Toxic damages in fetuses and newborns rank highly in perinatal pathology structure, though their true importance is not understood thoroughly. Among toxic encephalopathies of newborns the accent should be given to the conditions caused by administration of medicines by a pregnant woman. The use of medicines, especially neurotropic, during pregnancy is often forced. The widespread prevalence of epilepsy in women of reproductive age leads, in certain cases, to anticonvulsants administration during pregnancy. The dominance of valproic acid in epilepsy treatment in recent decades requires studying its teratogenic effect in newborns fetal valproate syndrome. The fetal valproate syndrome has casuistic nature and polymorphic phenomenology.

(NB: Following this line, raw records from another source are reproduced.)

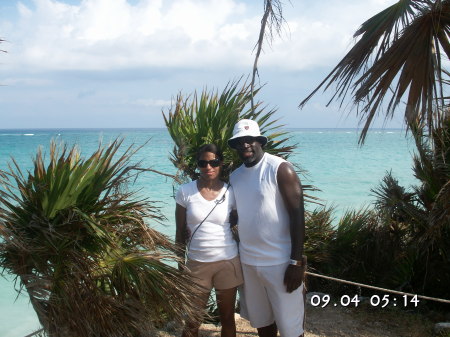 Me & hubby - 5th anniv in Mexico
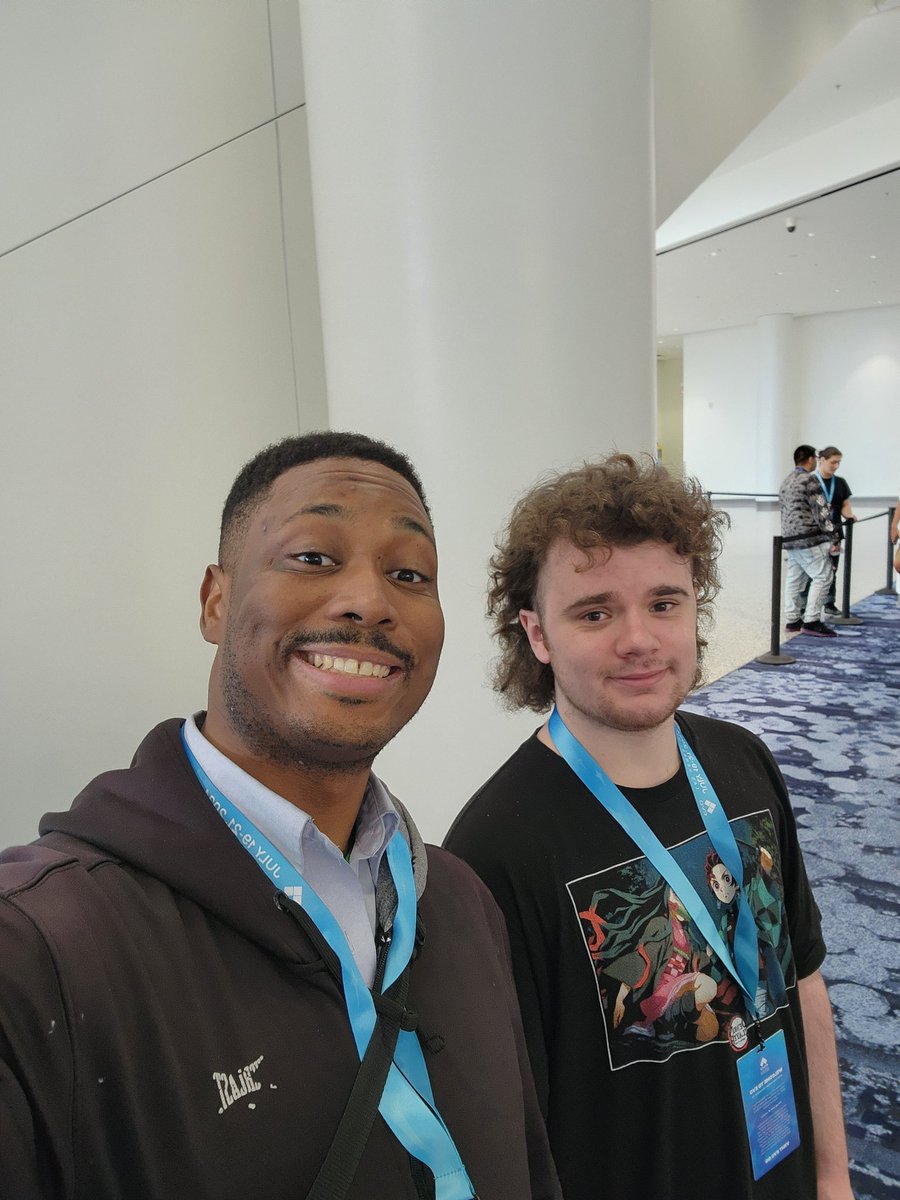 Reiki_Kito's tweet photo. Meeting homies during badge pickup up! #EVO2024 #TouristDays https://t.co/490v6ktqbA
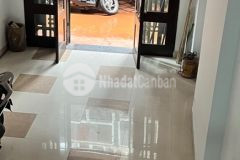 Bán nhà lạc long quân 49m 5 tầng 7,85 tỷ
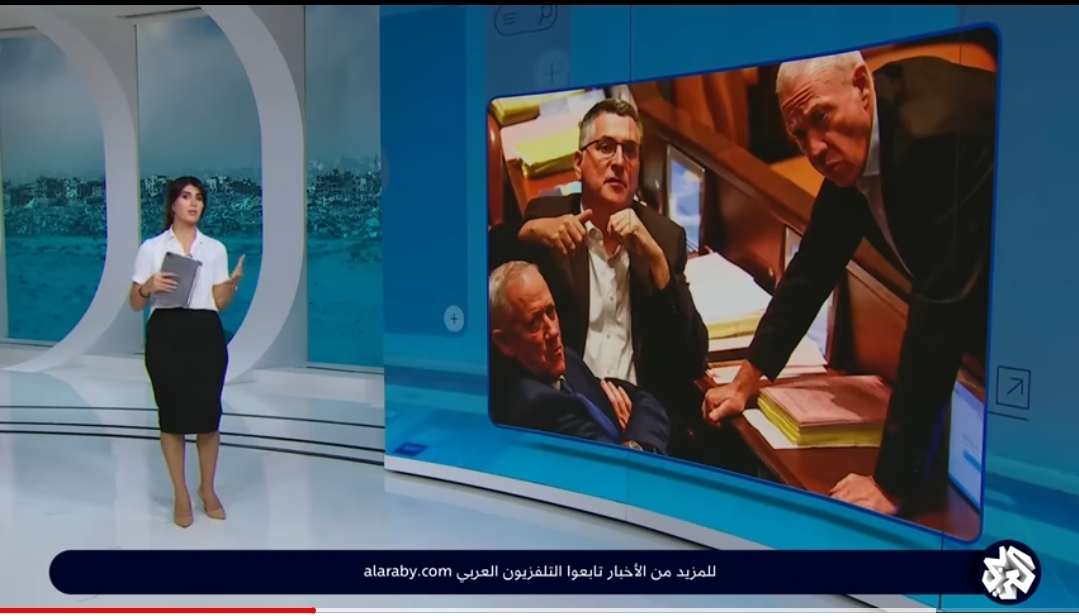شاهد رئيس وزراء العدو الإسرائيلي يهرب من محل اقامته ولهذا السبب والمستوطنين يهتفون بأعلى صوت الفاشل يهرب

 The clinical case study is presented of a newborn with fetal valproate syndrome (born to a mother who took valproic acid in dose 14 mg/kg per day or 750 mg per day while pregnant, due to Janz syndrome), confirmed by valproic acid presence in the blood of a newborn (47.36 mol/l), with the main clinical manifestation of incomplete cleft palate (hard and soft) without other typical disturbances.
 Most anticonvulsants have a teratogenic effect, and may cause malformations and toxic encephalopathies in fetus and newborns. The similarity of clinical manifestations of intrauterine exposure to various anticonvulsants is associated with the presence of common metabolic links (epoxy and dihydrodiol derivatives of phenytoin, phenobarbital and carbamazepine). In spite of similarity of some teratogenic effect mechanisms, the anticonvulsants nature introduces specific clinical manifestations of these disorders.